Comment by Tom Sarbeck on October 13, 2012 at 12:52am

I've been to a war and survived it.

Before we ban nuclear weapons, think on this: FOR THE FIRST TIME IN ALL OF HUMAN HISTORY, a general nuclear war will result in the destruction of people who profit from war.

The profit-takers' fear of dying is our best insurance against such a war.

The religious crazies among us? Their actions require a different analysis.

Comment by Suzanne Olson-Hyde on October 13, 2012 at 1:12am

@ Tom Serbeck - Spot on - people know the results if anybody started a nuclear war - and it just won't happen - Iran, nope. They know that if they dropped a bomb anywhere - Iran would no longer exist - Arms dealers know they and their families could well die, and there goes the fabulous ship they just bought. They will want to keep their money coming in from the smaller arms. It is just good for their business.

It is very big problem if the religious crazies get their hands on a nuclear bomb totally different scenario.

Comment by James Cox on April 22, 2013 at 6:31pm

I would rather have 'Mutually Assured Reasonable Happiness'.
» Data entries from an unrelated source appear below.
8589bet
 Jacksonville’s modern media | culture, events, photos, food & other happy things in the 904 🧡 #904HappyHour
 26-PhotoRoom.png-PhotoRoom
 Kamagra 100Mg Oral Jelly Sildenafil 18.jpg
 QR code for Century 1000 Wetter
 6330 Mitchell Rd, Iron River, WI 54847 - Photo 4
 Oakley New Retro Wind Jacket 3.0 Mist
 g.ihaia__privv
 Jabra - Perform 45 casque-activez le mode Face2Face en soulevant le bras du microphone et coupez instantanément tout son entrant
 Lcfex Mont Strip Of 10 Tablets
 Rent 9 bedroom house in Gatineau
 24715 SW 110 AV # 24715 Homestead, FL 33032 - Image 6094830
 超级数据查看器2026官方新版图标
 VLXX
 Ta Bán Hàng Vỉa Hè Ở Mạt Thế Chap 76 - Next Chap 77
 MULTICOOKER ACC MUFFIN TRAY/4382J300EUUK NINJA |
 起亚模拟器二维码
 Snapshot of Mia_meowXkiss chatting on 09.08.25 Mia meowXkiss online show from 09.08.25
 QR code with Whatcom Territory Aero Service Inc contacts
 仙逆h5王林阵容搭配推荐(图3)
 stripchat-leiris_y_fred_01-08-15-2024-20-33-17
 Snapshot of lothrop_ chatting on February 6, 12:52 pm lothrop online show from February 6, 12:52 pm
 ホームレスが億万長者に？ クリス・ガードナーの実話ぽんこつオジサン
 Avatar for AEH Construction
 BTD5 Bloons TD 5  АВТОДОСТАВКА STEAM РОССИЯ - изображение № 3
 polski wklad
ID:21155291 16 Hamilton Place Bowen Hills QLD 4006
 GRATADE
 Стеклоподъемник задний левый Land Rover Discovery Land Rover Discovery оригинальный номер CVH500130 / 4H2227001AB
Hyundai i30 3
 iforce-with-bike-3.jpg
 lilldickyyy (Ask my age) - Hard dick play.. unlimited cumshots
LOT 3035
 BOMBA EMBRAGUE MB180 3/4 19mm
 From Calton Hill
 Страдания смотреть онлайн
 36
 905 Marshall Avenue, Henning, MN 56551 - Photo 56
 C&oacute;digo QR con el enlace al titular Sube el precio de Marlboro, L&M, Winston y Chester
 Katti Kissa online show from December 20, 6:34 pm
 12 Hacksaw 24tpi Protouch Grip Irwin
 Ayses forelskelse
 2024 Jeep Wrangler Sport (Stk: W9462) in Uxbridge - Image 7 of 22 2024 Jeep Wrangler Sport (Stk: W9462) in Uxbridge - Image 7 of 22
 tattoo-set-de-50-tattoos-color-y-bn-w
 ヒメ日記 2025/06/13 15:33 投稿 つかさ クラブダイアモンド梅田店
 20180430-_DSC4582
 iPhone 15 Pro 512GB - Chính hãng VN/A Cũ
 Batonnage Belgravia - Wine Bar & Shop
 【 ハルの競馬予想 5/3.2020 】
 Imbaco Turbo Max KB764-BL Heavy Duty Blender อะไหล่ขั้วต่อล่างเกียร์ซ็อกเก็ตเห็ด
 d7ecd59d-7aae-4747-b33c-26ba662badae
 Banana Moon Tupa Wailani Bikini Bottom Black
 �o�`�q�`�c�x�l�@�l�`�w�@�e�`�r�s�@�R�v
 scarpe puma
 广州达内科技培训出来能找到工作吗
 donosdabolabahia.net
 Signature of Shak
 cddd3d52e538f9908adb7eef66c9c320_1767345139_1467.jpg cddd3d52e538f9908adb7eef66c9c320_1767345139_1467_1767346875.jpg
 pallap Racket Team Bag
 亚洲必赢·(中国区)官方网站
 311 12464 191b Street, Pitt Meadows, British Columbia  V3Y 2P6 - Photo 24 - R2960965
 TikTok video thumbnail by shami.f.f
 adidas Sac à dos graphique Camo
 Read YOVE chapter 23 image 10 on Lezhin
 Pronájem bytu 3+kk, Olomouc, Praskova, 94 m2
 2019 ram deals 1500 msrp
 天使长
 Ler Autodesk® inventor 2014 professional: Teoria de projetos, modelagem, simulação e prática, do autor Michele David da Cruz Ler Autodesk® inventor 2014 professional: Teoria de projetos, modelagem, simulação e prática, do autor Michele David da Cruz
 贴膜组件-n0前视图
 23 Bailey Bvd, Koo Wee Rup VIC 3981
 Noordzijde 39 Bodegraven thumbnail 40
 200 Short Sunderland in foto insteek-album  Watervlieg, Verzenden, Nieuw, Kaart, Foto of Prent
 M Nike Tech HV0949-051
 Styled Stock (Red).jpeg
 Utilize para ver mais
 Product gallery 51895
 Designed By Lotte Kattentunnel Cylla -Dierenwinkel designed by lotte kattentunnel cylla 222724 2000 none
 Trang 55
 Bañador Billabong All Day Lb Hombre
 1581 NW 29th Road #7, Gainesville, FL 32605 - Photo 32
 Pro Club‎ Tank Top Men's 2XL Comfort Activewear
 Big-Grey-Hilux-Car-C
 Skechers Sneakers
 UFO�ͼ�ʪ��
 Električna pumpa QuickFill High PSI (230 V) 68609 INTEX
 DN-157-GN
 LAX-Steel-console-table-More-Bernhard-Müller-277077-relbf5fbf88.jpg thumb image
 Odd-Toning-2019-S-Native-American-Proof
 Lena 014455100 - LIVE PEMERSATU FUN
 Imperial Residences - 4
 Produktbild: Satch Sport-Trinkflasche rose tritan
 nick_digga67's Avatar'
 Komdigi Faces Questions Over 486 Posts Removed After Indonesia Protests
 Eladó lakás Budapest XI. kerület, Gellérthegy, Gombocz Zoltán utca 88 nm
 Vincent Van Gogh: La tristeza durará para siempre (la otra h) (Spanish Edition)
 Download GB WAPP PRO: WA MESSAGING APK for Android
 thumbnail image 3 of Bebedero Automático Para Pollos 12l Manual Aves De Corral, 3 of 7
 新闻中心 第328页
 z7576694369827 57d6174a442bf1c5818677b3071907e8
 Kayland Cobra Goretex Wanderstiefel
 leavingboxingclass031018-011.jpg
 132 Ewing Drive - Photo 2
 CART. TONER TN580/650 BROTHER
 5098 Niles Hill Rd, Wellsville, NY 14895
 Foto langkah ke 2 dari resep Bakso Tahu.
Comment by Unseen on April 22, 2013 at 6:37pm


Why is it that when people argue that the bombings of Hiroshima and Nagasaki were necessary, they never bother to ask whether the entire war was necessary in the first place? Had the Japanese stayed home and conducted tea ceremonies and Zen meditation rather than invading China, New Guinea, The Philippines, and elsewhere, and had they not engaged in the various well-documented war crimes against both civilians and prisoners of war—not to mention the attack on Pearl Harbor—there would never have been a Hiroshima and Nagasaki.

Would there?

Comment by angela kozma on April 22, 2013 at 6:51pm

@strega watched video. My running thought is yikes. I know it was written as a farce but yike. At least the prime minister thought about consequences of the red button.

Comment by Unseen on April 22, 2013 at 7:15pm

Absolutely not. We bear some shame for how we handled the end of the war, they bear the BLAME for starting it.

Comment by SteveInCO on April 22, 2013 at 9:05pm

It would likely have taken over a year and a million casualties on both sides to have invaded Japan.  And while we were bogged down in that mess, the Soviet Union might have absorbed Western Europe as well as Eastern Europe.